EXERCISE INSTRUCTIONS>
Find how many lines of the following entries contain "Double". Reply with the number alone.

Scraped caption text data
==*==

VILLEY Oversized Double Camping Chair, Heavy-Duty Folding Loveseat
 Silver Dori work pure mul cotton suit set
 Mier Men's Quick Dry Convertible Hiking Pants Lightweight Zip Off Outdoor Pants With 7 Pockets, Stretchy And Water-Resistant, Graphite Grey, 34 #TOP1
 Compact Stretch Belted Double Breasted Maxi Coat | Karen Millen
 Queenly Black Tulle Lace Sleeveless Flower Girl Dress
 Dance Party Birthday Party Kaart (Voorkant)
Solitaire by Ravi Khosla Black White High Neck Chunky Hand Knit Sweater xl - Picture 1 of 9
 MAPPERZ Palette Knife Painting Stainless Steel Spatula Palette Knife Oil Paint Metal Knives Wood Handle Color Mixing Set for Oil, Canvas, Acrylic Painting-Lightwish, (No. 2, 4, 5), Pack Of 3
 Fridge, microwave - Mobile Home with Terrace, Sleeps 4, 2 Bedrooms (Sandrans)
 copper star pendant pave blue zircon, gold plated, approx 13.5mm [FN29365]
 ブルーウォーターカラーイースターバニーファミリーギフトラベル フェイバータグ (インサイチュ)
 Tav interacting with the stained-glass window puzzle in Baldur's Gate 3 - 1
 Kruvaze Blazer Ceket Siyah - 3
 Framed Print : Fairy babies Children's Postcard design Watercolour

==*==

SOLUTION FOR THIS TASK>
2